Same-store sales for the first quarter climbed 8.5 percent, reflecting strong growth across day parts as Sonic introduced a variety of items that included boneless chicken wings and waffle cone sundaes.
“There are key categories like chicken and ice cream that have done particularly well,” Hudson said. “But the variety of products that are doing well and the product lines that are doing well really have increased customer frequency across all day parts. So, we’re getting good same-store sales across all day parts, not just check, but also traffic.”
|Lil’ Doggies and Lil’ Chickies|
New menu items include Lil’ Doggies and Lil’ Chickies, which are snack-size hot dogs and chicken sandwiches, and French Toaster breakfast sandwiches.
“I can tell you at this point our product pipeline is as strong as ever,” Hudson said. “And we’re really in a good position because of that to grow not just product lines but also day parts those product lines support. And we see a very good product pipeline for several years to come, good creativity and good embrace of those by our operators.”
For the first quarter ended Nov. 30, 2014, Sonic earned $10,085,000, equal to 19 cents per share on the common stock, up 23 percent from $8,208,000, or 15 cents per share, in the prior-year period.

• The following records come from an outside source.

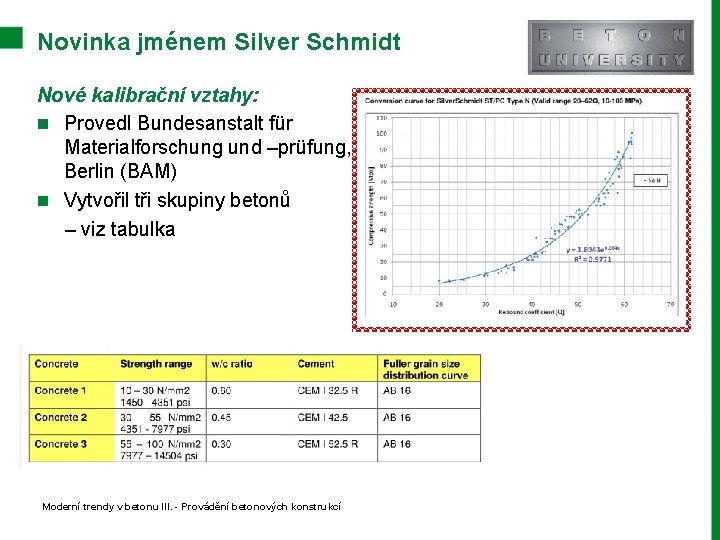 Novinka jménem Silver Schmidt Nové kalibrační vztahy: n Provedl Bundesanstalt für Materialforschung und –prüfung,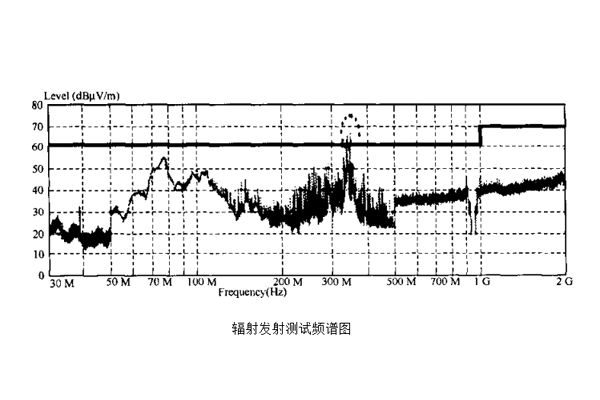 防水連接器輻射發射測試EMC案例分析.jpg 防水連接器輻射發射測試EMC案例分析.jpg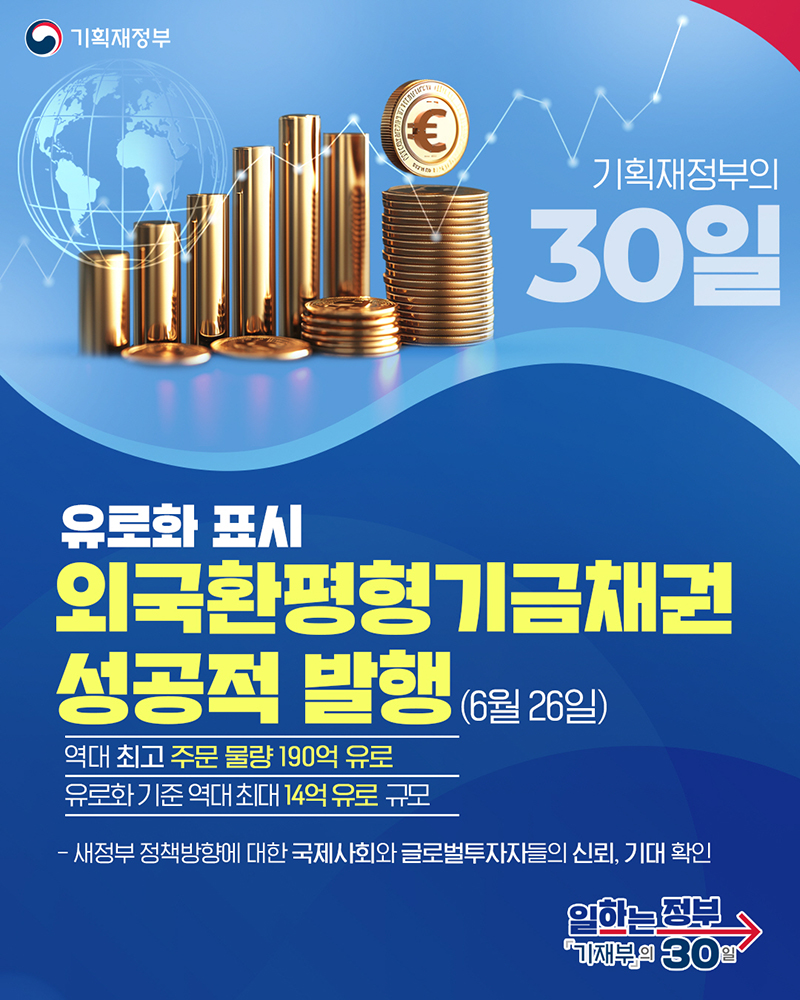 외국환평형기금채권 성공적 발행 하단내용 참조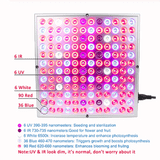 Plant Growing Lamps LED Grow Light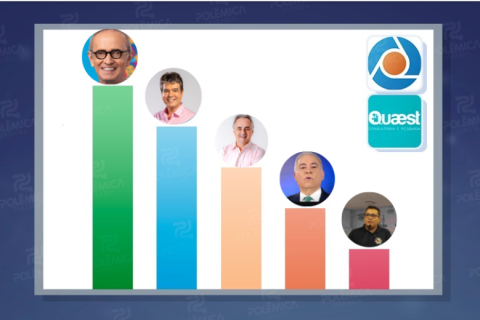 Pesquisa Quaest em João Pessoa: Cícero tem 49%; Ruy, 14%; Cartaxo, 11%; e Queiroga, 11%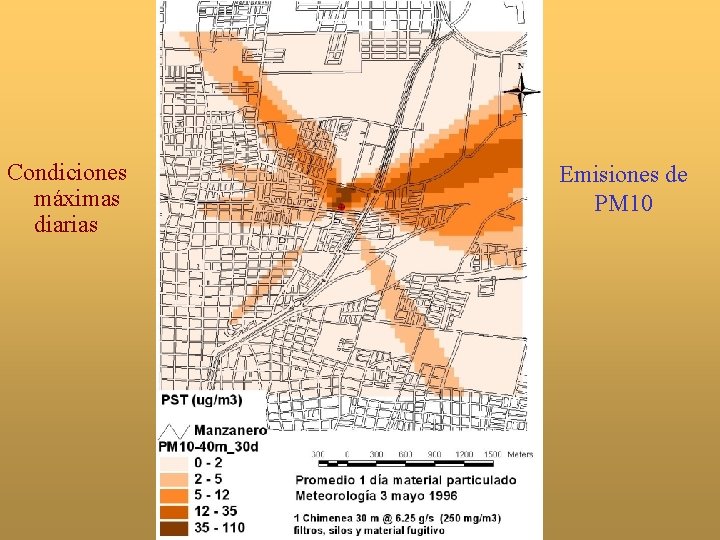 Condiciones máximas diarias Emisiones de PM 10 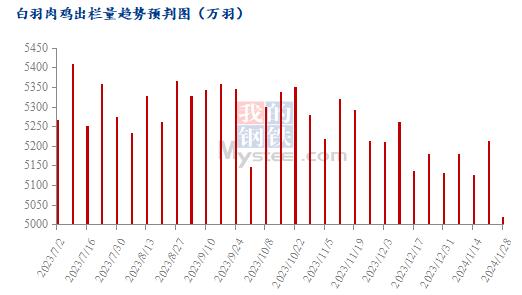 Mysteel解读：一潭死水终见波澜，白羽肉鸡有望重返4元大关？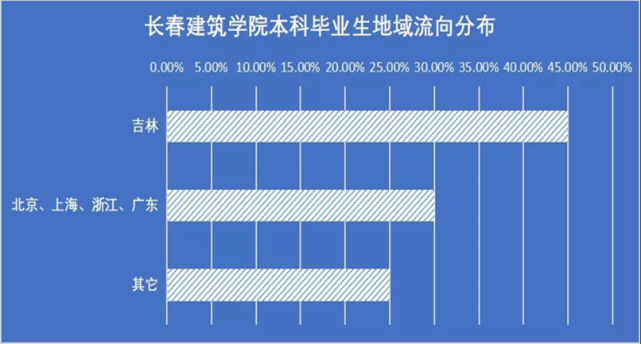 吉林大学2019-2021的就业质量报告，不是“大而强”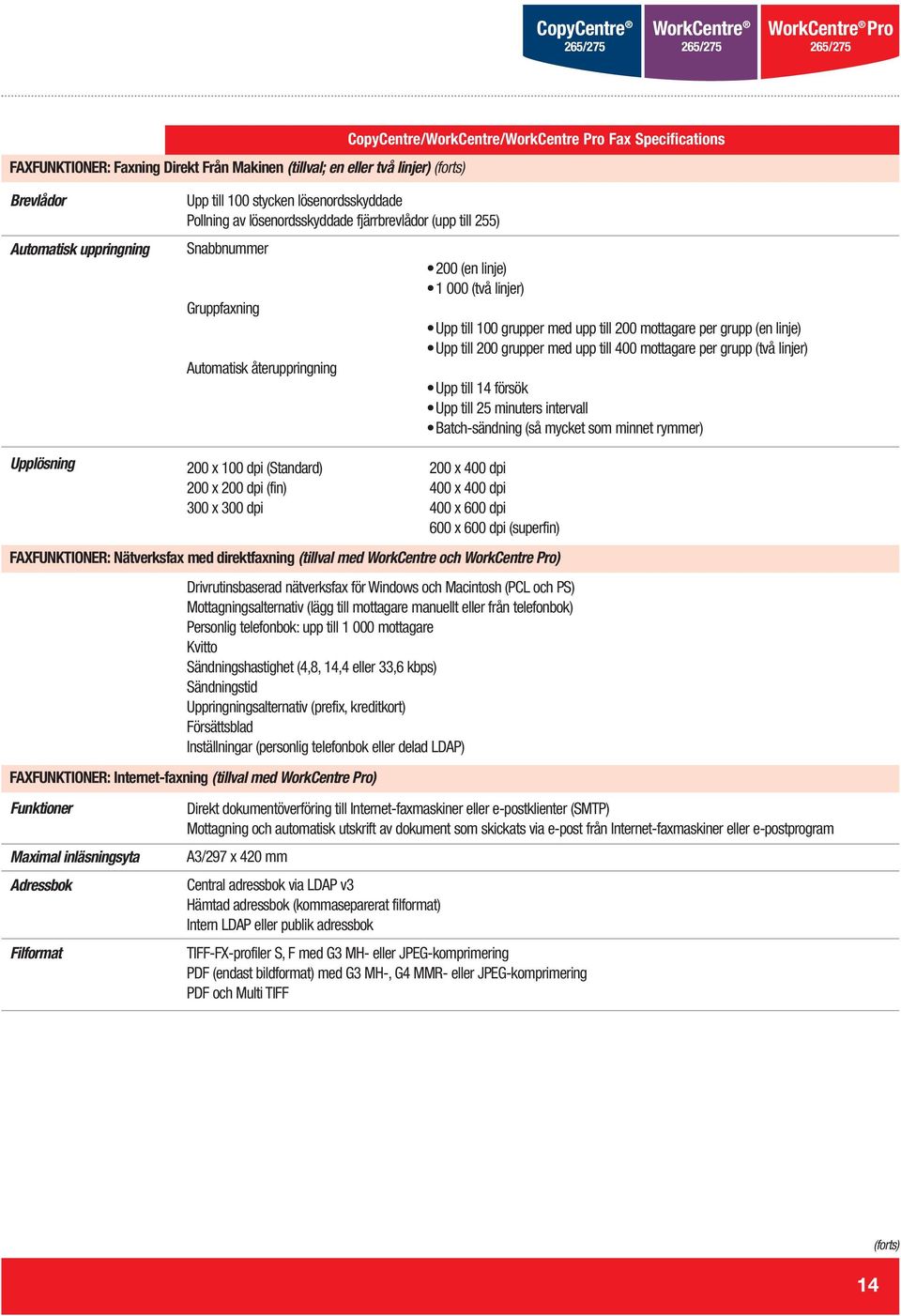 linje) Upp till 200 grupper med upp till 400 mottagare per grupp (två linjer) Upp till 14 försök Upp till 25 minuters intervall Batch-sändning (så mycket som minnet rymmer) Upplösning Maximal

Revenues totaled $139,856,000, a 10 percent increase over $126,652,000 in the comparable quarter.
Looking ahead, the chain expects to drive earnings per share growth at the high end or above 14 percent to 20 percent in the fiscal year.
“With initiatives that we have in place now and the more traditional aspect of the business, but also the technology initiatives that we’re implementing, really gives us the confidence that we’ll continue to grow same-store sales, the linchpin in driving all of this… over the next several years,” Hudson said.